Don't let the title fool you: Eliot A. Cohen's newest book, "The Big Stick: The Limits of Soft Power and the Necessity of Military Force," isn't a pro-war polemic. Instead, it's very much in the "older, sadder, wiser" vein: Once seen as a cheerleader for the George W. Bush administration's ambitious neo-conservative agenda, Cohen now offers a vision of American power largely stripped of illusion. The United States must enhance its military capabilities and remain engaged in shoring up the international order, he contends in this thoughtful and erudite book — but not because it is infallible. It's simply that in this messy and uncertain world, there are currently no better alternatives.

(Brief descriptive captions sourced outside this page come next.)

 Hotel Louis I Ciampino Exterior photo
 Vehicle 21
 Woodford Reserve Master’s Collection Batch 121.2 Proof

Even though Cohen is passionate about a United States that is militarily powerful and internationally engaged, he is also a student of history, and for the most part, he owns up to recent U.S. failures. In Iraq and Afghanistan, the United States was “unprepared, intellectually and organizationally.” It made “fundamental misjudgments,” and the military adapted only haltingly and intermittently to the new forms of conflict it faced. Ultimately, Cohen concludes, the Iraq War, which he once staunchly supported, was “a mistake.” False intelligence about weapons of mass destruction damaged U.S. credibility, as did the abuses at Abu Ghraib and elsewhere. More broadly, the war strained civil-military relations, caused tensions with key U.S. allies and left the United States weaker rather than stronger.

Cohen is equally critical of American military and political leaders. Enamored of Special Operations forces and drone strikes, U.S. policymakers have confused tactical success with strategic progress, and the military has failed to invest in “the intellectual infrastructure” of hard power and to develop innovative new ways to bring in vital talent.

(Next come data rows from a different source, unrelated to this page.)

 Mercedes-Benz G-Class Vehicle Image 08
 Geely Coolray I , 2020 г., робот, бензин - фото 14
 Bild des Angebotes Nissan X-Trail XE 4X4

Why, then, should the flawed and error-prone United States not simply cultivate its own garden, reserving the use of military force for narrow, defensive purposes?

Cohen has an answer, and it’s far from triumphalist: We live in a country that has been continuously at war for the past 15 years and continually at war throughout its history, and we belong to a species that seems uniquely prone to bouts of mass slaughter. As Leon Trotsky is said to have remarked, “You may not be interested in war, but war is interested in you.” If we take that seriously, the United States needs to be engaged in the ongoing project of shoring up the international order it helped create, and it needs to accept that there may be times when political leaders will conclude, “however reluctantly, that violence is the least bad policy choice.”

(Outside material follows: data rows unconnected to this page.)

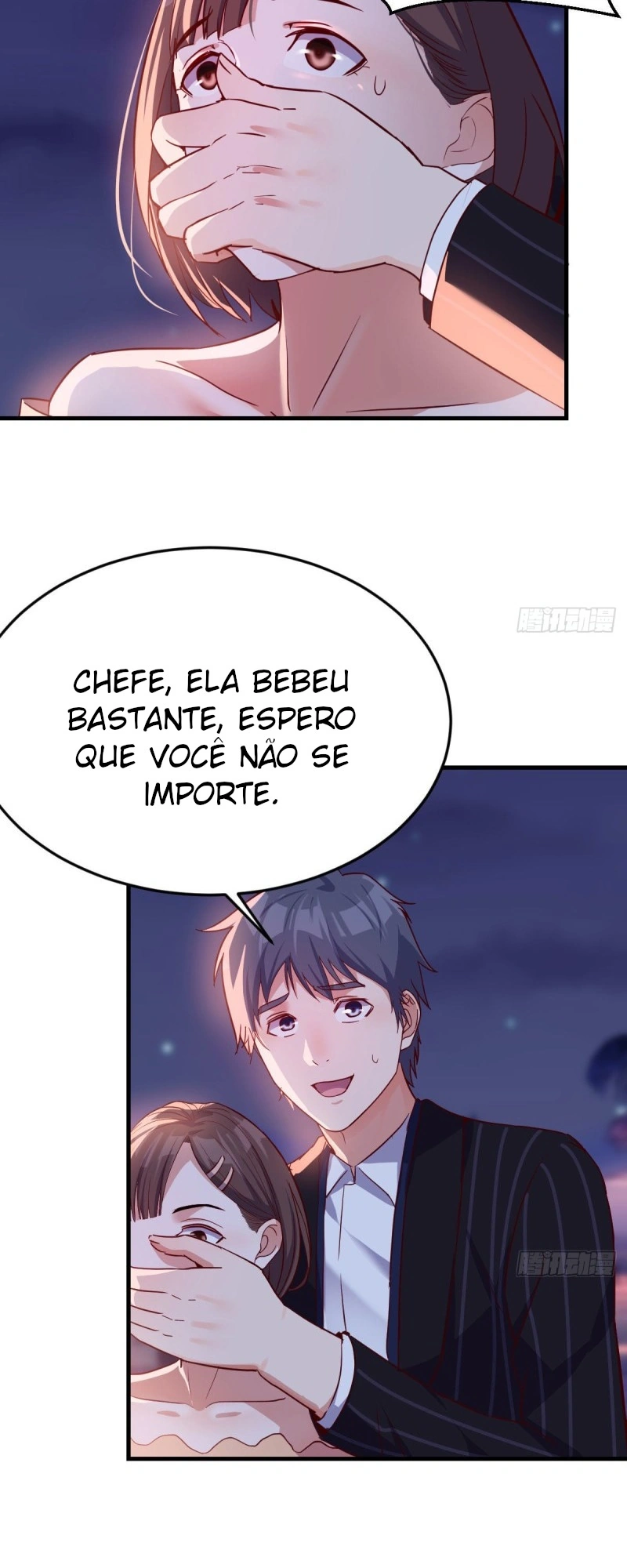 Ler I Have Twin Girlfriends Capitulo 56 Page 9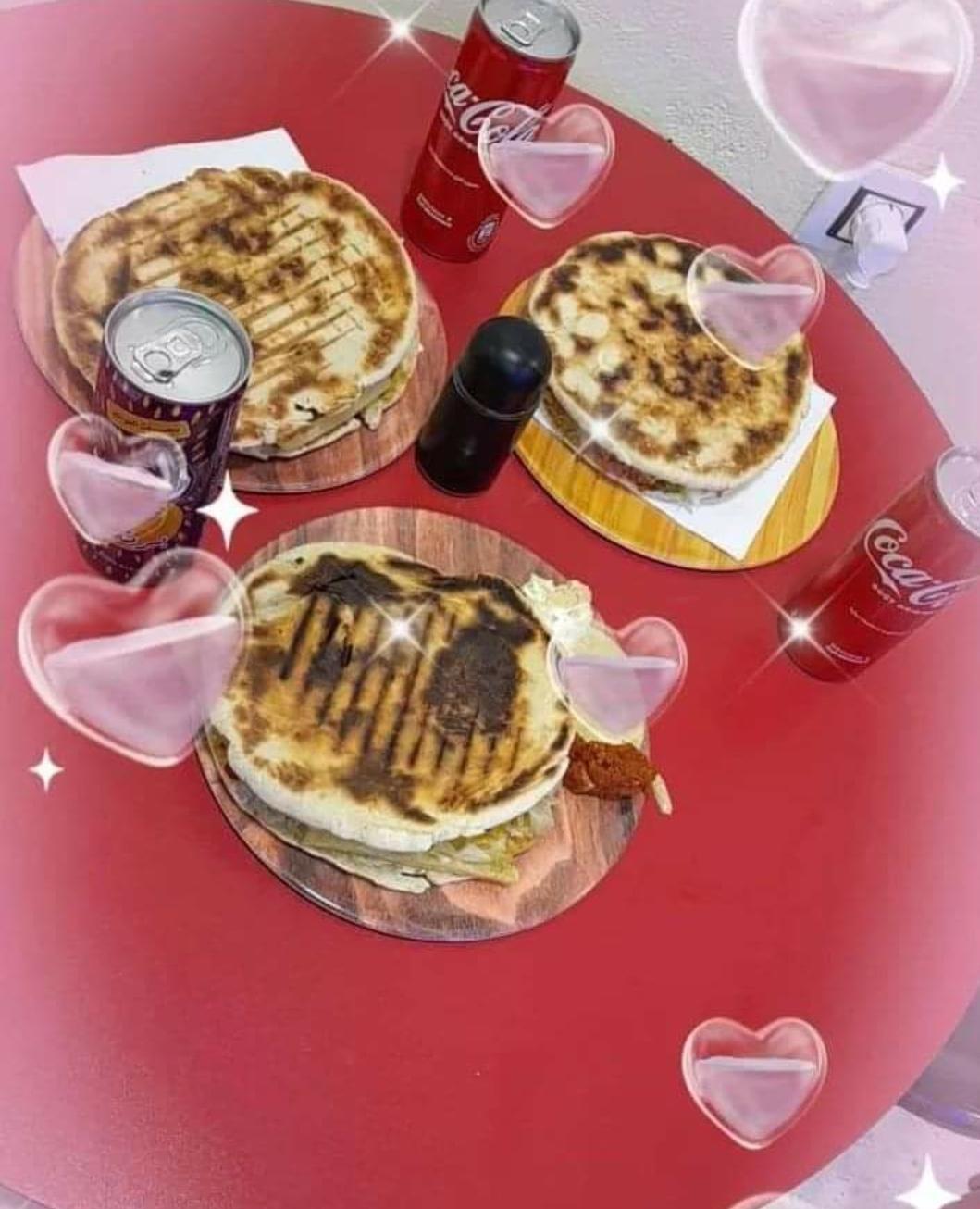 Chapati mirou chez mouhamed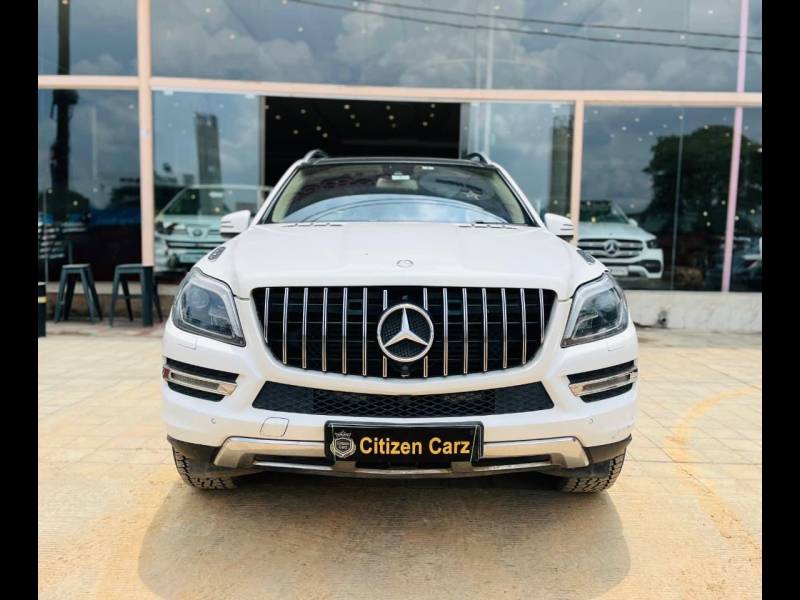 Mercedes Benz GL 350 CDI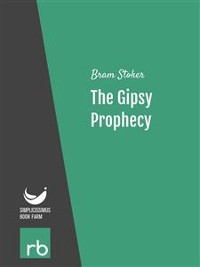 Cover The Gipsy Prophecy (Audio-eBook)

That international order (and the American interests it protects) faces four main challenges. The first is China. China’s worldview is fundamentally incompatible with that of the United States, Cohen asserts. In the South China Sea, for instance, “China has made claims that would not only deny other countries access to the riches of the seabed, but would, by constraining commerce, render them vassals to their giant neighbor.” More broadly, China refuses to “recognize a state system based on equality and sovereignty, and an economic system built around globalized free trade supported by the rule of law.” Instead, “it has a hierarchical conception of international relations.”

China, one supposes, might say the same of the United States. Still, Cohen is surely right that China's recent attempt to claim most of the South China Sea as part of its territorial waters runs afoul of international law and greatly increases the risk of international conflict. "War," Cohen notes, "may come without either side willing it from the beginning"; even an "accidental or nearly accidental clash between American and Chinese forces" could quickly spiral into overt conflict, and there is no guarantee that the United States would emerge victorious.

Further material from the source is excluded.